— GOAL OF THE EXERCISE —
Your reply should consist only of the lines from the one with "Bedroom, Breakfast in Hotel Le Florian" through the end of the entries, transcribed exactly. Pictures stay out.

— SOURCE MATERIAL —
────────────────────────────────────────

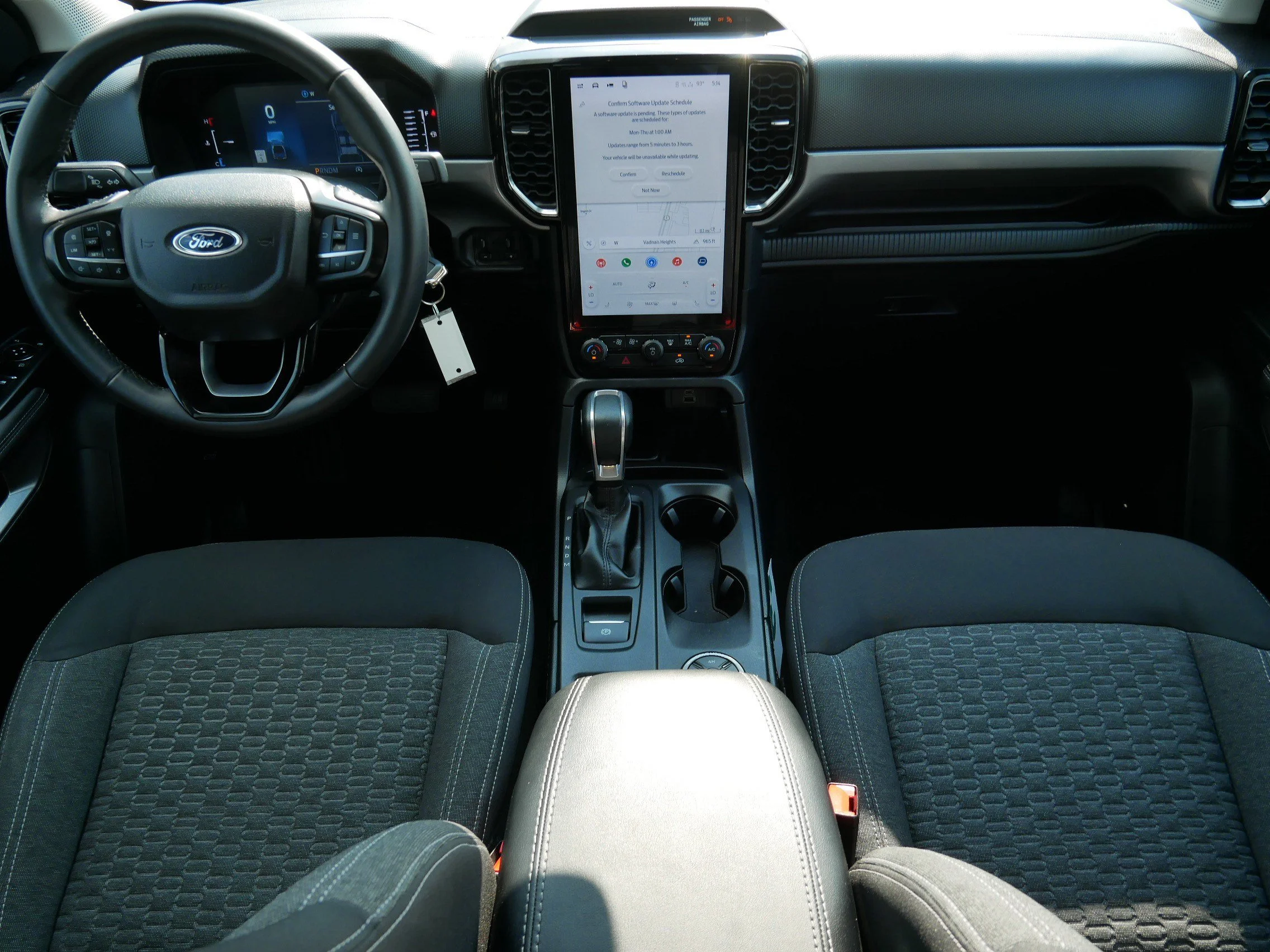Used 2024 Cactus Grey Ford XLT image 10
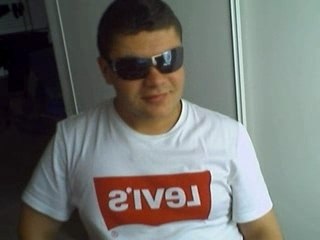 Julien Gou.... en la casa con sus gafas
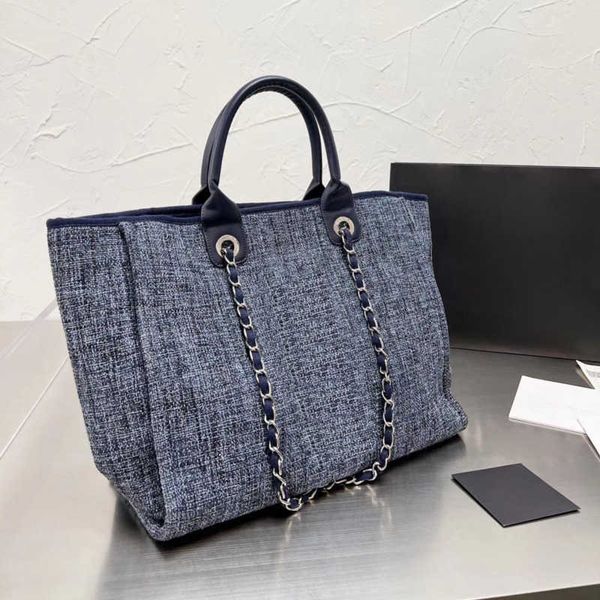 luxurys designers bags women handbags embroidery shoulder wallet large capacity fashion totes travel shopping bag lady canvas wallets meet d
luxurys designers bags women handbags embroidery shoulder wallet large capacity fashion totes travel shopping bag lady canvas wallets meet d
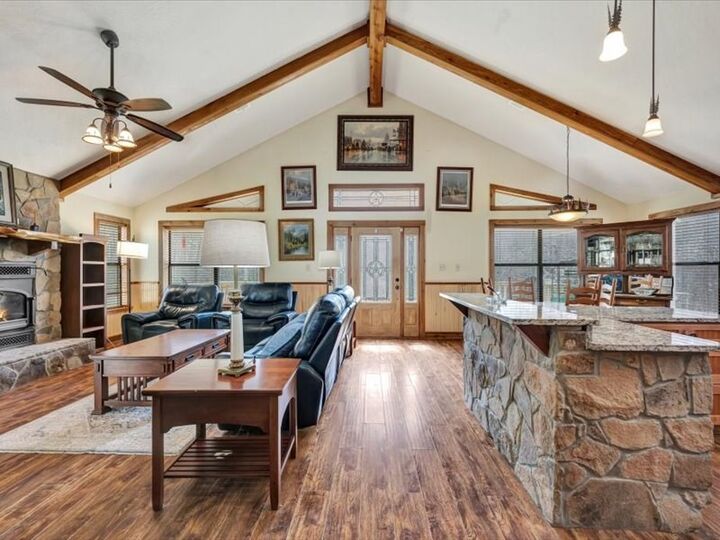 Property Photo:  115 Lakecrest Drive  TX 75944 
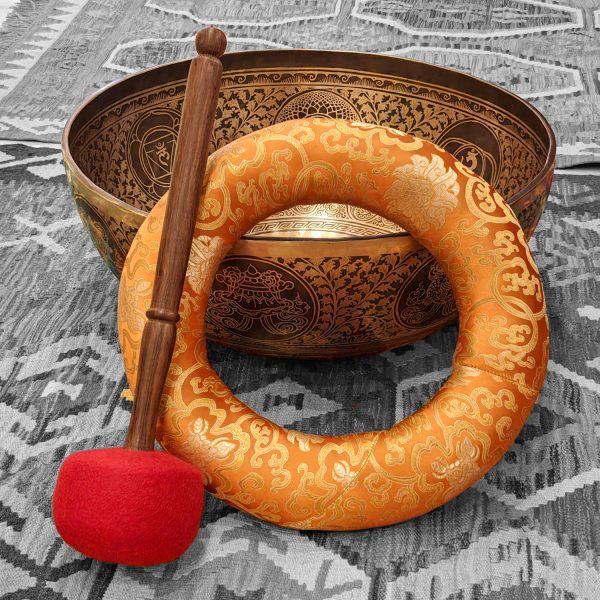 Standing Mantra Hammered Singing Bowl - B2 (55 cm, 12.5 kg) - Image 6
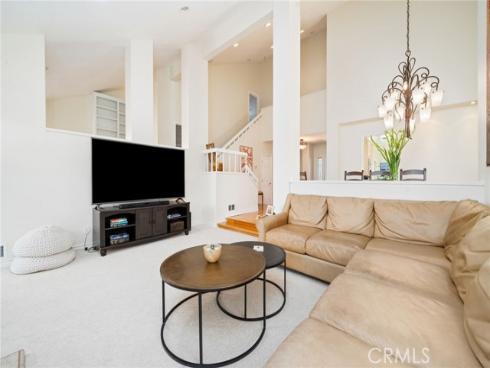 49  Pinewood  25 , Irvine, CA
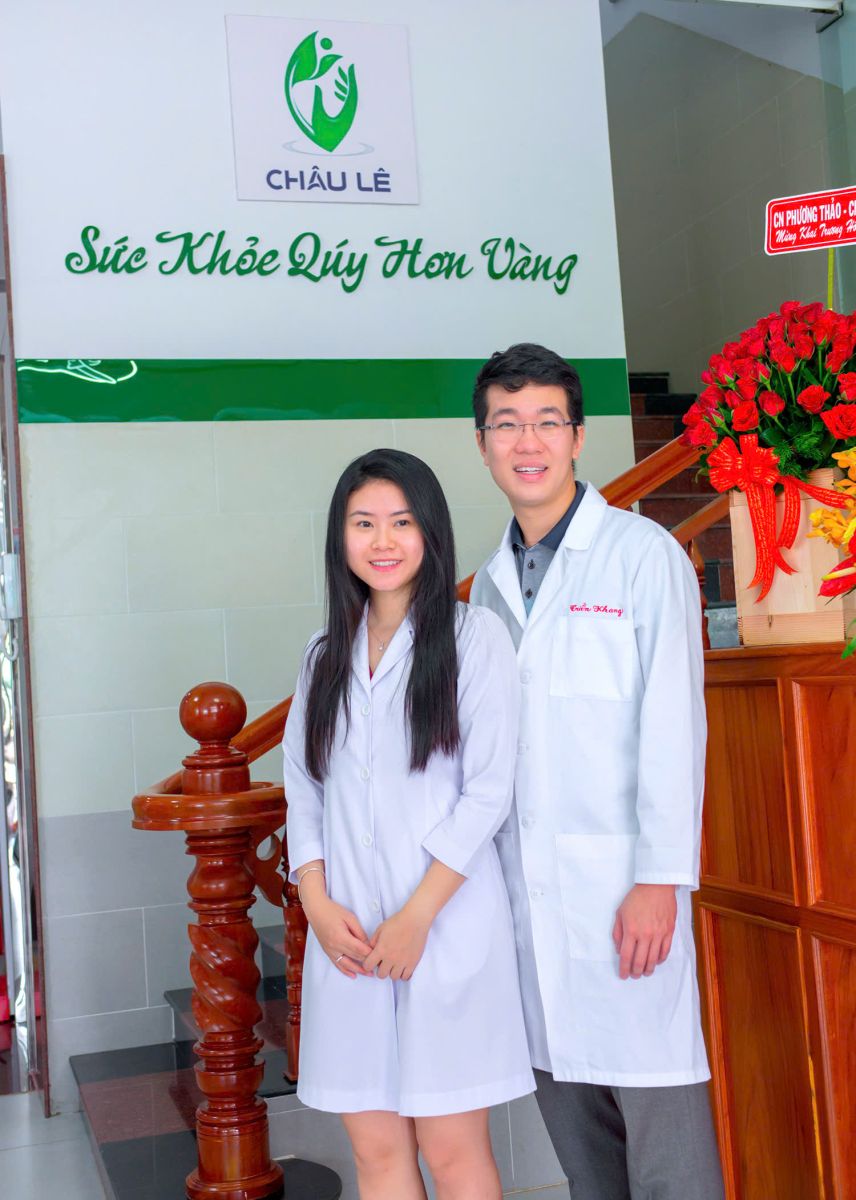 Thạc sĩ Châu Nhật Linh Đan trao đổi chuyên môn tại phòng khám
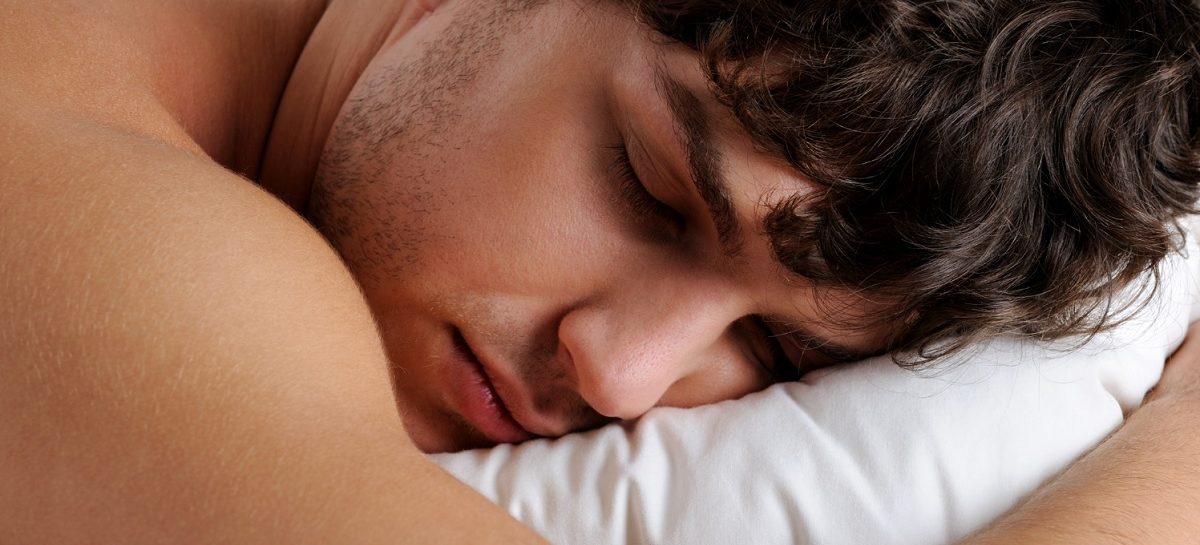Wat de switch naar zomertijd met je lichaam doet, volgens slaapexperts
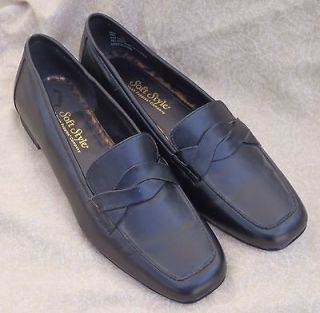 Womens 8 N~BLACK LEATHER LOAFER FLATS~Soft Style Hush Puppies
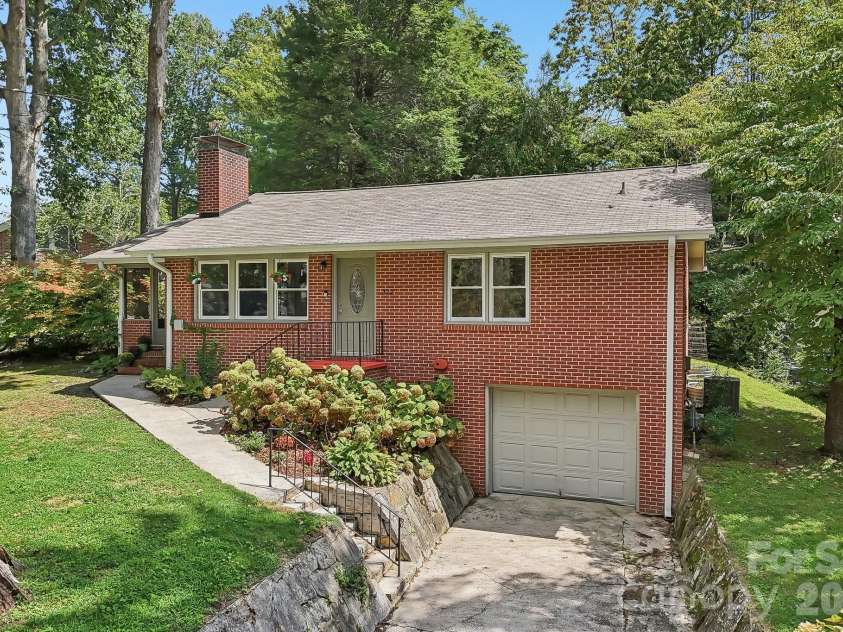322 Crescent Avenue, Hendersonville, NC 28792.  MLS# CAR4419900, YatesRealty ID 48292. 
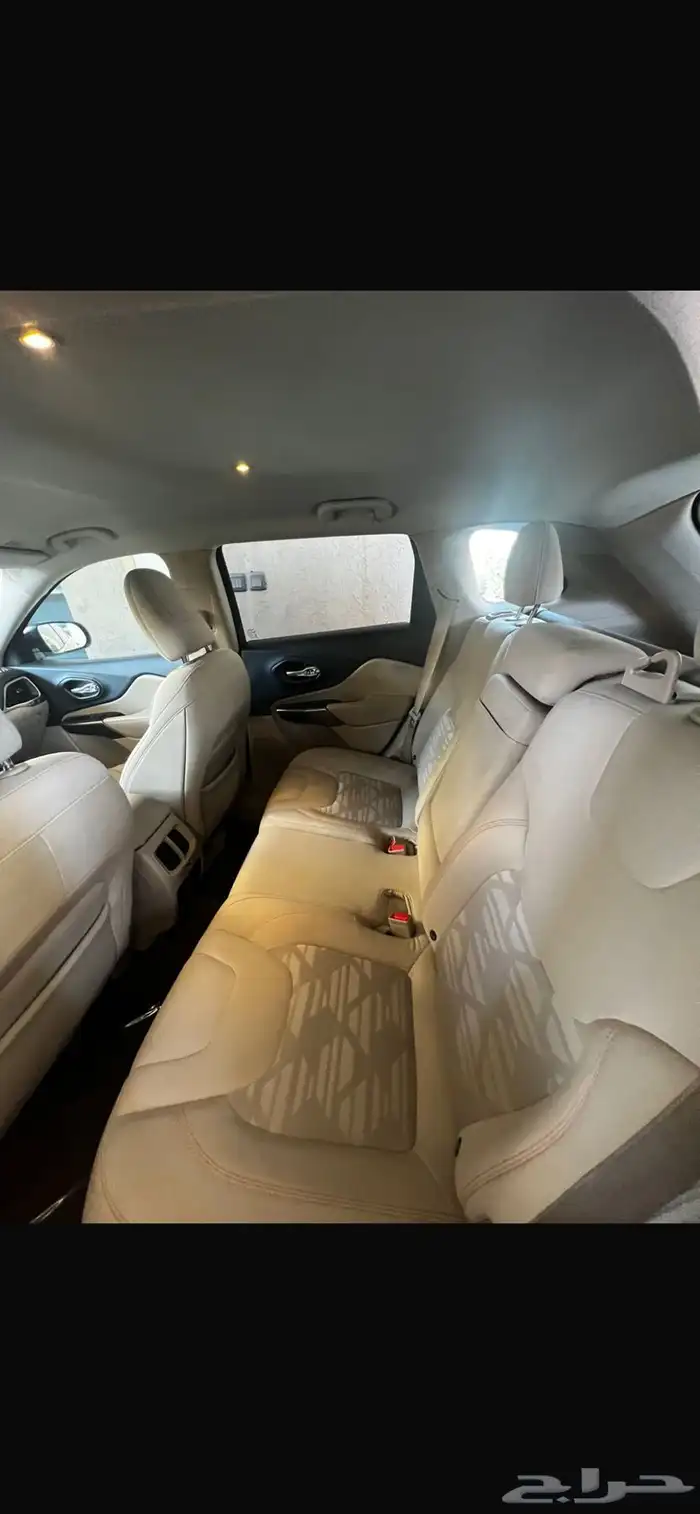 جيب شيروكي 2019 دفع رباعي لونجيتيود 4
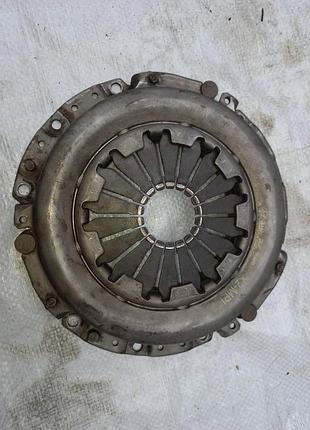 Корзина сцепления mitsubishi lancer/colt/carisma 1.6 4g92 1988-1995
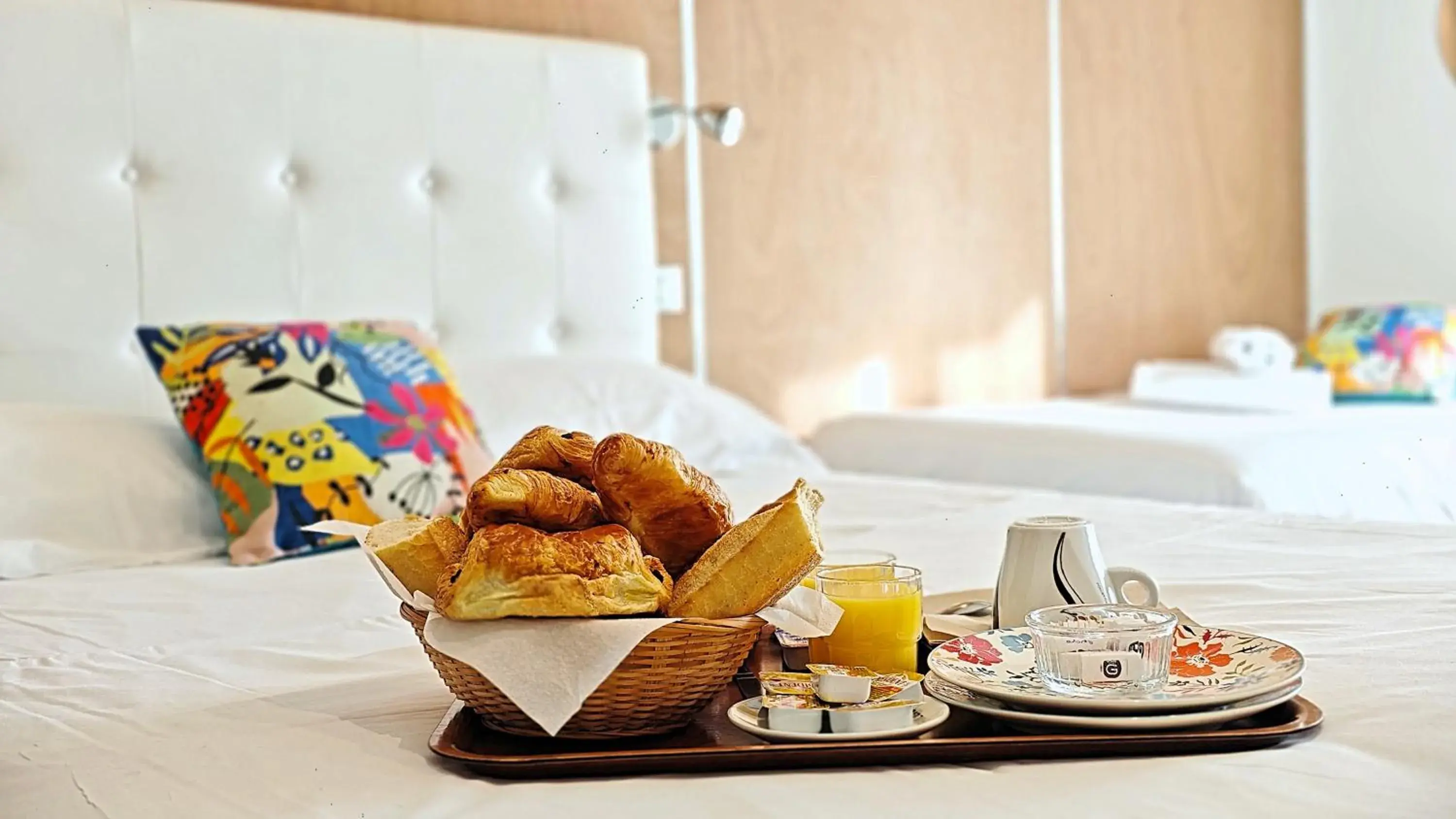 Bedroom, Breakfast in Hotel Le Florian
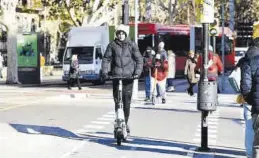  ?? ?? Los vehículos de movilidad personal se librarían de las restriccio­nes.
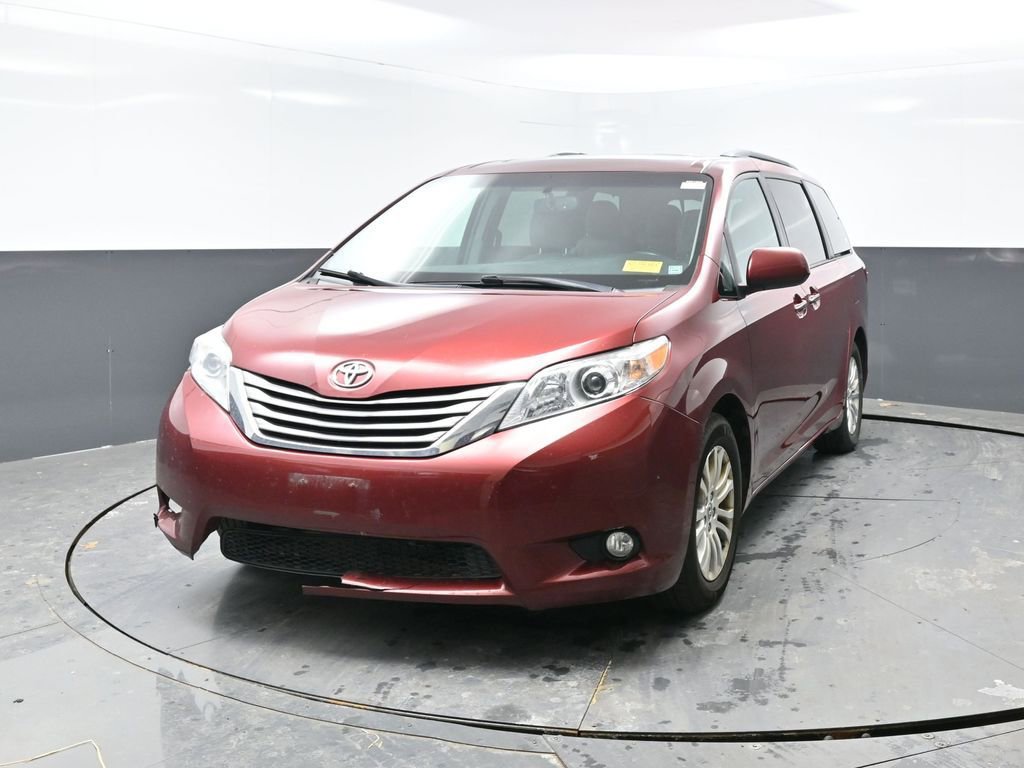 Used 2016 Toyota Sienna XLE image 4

────────────────────────────────────────

— SOLUTION TO THE PROBLEM —
 Bedroom, Breakfast in Hotel Le Florian
  ?? ?? Los vehículos de movilidad personal se librarían de las restriccio­nes.
 Used 2016 Toyota Sienna XLE image 4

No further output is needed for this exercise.